PROVIDED DATA Start Marker

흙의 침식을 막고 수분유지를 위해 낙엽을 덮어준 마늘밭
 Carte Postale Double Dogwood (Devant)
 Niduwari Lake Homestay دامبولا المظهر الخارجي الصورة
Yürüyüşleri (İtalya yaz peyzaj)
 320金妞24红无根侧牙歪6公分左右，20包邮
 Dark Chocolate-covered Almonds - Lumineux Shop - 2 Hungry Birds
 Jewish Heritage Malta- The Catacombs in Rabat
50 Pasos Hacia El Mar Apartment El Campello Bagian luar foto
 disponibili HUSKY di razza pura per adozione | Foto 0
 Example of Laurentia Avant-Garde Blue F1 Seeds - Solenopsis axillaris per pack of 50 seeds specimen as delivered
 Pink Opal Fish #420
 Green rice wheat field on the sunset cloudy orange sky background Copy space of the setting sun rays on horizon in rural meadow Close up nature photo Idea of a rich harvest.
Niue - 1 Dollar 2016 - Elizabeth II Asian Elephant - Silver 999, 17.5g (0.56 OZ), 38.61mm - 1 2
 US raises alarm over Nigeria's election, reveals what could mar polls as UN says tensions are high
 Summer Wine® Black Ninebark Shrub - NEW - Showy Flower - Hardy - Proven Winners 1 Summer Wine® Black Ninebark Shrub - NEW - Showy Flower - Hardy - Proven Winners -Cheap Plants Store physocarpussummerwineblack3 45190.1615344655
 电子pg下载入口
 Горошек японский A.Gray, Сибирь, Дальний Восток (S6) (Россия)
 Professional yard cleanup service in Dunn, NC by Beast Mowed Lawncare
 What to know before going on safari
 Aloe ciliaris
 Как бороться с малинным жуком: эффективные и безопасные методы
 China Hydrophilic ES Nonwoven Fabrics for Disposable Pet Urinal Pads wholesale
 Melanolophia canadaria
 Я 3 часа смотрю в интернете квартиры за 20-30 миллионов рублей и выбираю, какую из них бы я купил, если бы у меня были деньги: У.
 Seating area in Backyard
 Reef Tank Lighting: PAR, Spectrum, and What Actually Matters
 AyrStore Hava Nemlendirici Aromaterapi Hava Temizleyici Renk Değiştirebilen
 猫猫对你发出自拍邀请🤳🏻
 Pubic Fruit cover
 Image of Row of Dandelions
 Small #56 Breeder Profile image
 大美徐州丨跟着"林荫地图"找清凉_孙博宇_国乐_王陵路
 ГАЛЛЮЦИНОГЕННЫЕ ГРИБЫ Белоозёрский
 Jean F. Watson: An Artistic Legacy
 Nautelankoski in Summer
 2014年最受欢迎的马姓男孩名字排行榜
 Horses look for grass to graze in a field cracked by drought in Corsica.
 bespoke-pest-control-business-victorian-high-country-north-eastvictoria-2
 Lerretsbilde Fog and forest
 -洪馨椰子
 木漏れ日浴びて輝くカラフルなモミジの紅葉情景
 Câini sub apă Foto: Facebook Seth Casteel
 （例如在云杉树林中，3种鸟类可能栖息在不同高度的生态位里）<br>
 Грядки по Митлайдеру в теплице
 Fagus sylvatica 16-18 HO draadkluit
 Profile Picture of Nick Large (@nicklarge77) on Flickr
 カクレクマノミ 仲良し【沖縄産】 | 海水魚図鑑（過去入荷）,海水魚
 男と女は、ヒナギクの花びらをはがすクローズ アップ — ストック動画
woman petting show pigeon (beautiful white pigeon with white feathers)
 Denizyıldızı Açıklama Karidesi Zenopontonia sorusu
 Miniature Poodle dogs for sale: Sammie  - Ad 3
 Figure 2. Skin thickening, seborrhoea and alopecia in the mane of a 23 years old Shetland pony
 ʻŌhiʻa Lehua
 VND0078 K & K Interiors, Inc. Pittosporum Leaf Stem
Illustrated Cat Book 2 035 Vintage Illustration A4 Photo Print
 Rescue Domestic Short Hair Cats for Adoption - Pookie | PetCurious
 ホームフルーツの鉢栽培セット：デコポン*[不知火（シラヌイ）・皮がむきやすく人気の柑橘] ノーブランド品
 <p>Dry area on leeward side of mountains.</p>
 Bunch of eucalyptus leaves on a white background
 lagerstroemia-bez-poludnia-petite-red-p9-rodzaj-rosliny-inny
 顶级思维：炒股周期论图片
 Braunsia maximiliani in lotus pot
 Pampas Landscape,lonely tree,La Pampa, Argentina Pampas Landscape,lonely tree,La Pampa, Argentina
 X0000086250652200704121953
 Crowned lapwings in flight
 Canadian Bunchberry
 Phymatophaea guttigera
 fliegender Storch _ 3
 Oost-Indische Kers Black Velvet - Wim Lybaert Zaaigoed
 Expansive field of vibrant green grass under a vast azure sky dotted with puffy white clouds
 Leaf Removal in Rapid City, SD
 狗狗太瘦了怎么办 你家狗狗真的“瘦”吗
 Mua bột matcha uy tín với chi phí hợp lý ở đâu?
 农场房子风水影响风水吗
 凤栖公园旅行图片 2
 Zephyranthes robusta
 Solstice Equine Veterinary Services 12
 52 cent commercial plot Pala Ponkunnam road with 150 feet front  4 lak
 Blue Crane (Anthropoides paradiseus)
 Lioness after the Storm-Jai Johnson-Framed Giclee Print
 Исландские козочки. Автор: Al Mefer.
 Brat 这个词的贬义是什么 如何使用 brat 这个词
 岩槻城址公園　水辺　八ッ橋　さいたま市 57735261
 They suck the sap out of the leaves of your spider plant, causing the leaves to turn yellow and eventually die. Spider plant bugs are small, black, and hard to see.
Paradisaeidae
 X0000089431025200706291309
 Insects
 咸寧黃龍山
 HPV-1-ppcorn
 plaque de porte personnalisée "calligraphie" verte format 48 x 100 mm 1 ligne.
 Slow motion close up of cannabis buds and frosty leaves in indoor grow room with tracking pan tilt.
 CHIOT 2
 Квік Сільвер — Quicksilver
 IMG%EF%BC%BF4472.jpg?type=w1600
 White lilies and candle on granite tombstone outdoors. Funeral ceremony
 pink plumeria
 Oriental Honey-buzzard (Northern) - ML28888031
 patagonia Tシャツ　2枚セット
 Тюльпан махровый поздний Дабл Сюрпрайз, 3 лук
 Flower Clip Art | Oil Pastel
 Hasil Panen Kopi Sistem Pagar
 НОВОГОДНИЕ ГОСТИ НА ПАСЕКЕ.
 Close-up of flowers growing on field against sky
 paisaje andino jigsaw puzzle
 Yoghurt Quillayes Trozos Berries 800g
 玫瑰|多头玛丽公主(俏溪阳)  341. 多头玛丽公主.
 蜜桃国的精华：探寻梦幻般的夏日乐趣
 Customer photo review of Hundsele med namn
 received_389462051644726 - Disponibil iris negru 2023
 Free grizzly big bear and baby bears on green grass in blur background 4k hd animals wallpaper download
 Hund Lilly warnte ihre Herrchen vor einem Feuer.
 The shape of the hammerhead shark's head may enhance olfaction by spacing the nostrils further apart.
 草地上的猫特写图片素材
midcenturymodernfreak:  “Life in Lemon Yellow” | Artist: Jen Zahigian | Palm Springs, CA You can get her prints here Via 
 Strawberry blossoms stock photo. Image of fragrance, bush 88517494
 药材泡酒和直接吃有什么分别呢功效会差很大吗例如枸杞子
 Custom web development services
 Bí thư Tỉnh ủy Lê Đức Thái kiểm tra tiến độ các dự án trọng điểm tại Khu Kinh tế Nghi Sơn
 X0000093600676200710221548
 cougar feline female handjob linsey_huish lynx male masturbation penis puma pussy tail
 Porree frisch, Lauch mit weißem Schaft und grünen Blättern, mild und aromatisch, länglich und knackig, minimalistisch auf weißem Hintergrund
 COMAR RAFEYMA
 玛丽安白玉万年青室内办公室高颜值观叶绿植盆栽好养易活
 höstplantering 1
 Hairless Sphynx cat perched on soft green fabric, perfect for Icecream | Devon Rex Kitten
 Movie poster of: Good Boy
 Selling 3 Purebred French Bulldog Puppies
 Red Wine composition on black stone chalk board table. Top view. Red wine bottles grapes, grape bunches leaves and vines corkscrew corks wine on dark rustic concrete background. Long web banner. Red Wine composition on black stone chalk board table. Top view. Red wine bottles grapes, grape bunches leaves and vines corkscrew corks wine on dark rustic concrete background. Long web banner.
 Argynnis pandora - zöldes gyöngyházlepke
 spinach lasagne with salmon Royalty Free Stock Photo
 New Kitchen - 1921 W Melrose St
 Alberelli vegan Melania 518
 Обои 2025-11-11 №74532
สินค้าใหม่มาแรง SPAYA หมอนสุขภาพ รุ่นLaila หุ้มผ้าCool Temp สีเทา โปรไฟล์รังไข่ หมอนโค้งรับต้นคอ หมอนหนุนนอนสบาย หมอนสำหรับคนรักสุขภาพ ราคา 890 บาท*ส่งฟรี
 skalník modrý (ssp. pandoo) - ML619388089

PROVIDED DATA End Marker

Each line from the first line of the listing through the line containing "Horses look for" must be set down exactly; no other line belongs in the answer.

흙의 침식을 막고 수분유지를 위해 낙엽을 덮어준 마늘밭
 Carte Postale Double Dogwood (Devant)
 Niduwari Lake Homestay دامبولا المظهر الخارجي الصورة
Yürüyüşleri (İtalya yaz peyzaj)
 320金妞24红无根侧牙歪6公分左右，20包邮
 Dark Chocolate-covered Almonds - Lumineux Shop - 2 Hungry Birds
 Jewish Heritage Malta- The Catacombs in Rabat
50 Pasos Hacia El Mar Apartment El Campello Bagian luar foto
 disponibili HUSKY di razza pura per adozione | Foto 0
 Example of Laurentia Avant-Garde Blue F1 Seeds - Solenopsis axillaris per pack of 50 seeds specimen as delivered
 Pink Opal Fish #420
 Green rice wheat field on the sunset cloudy orange sky background Copy space of the setting sun rays on horizon in rural meadow Close up nature photo Idea of a rich harvest.
Niue - 1 Dollar 2016 - Elizabeth II Asian Elephant - Silver 999, 17.5g (0.56 OZ), 38.61mm - 1 2
 US raises alarm over Nigeria's election, reveals what could mar polls as UN says tensions are high
 Summer Wine® Black Ninebark Shrub - NEW - Showy Flower - Hardy - Proven Winners 1 Summer Wine® Black Ninebark Shrub - NEW - Showy Flower - Hardy - Proven Winners -Cheap Plants Store physocarpussummerwineblack3 45190.1615344655
 电子pg下载入口
 Горошек японский A.Gray, Сибирь, Дальний Восток (S6) (Россия)
 Professional yard cleanup service in Dunn, NC by Beast Mowed Lawncare
 What to know before going on safari
 Aloe ciliaris
 Как бороться с малинным жуком: эффективные и безопасные методы
 China Hydrophilic ES Nonwoven Fabrics for Disposable Pet Urinal Pads wholesale
 Melanolophia canadaria
 Я 3 часа смотрю в интернете квартиры за 20-30 миллионов рублей и выбираю, какую из них бы я купил, если бы у меня были деньги: У.
 Seating area in Backyard
 Reef Tank Lighting: PAR, Spectrum, and What Actually Matters
 AyrStore Hava Nemlendirici Aromaterapi Hava Temizleyici Renk Değiştirebilen
 猫猫对你发出自拍邀请🤳🏻
 Pubic Fruit cover
 Image of Row of Dandelions
 Small #56 Breeder Profile image
 大美徐州丨跟着"林荫地图"找清凉_孙博宇_国乐_王陵路
 ГАЛЛЮЦИНОГЕННЫЕ ГРИБЫ Белоозёрский
 Jean F. Watson: An Artistic Legacy
 Nautelankoski in Summer
 2014年最受欢迎的马姓男孩名字排行榜
 Horses look for grass to graze in a field cracked by drought in Corsica.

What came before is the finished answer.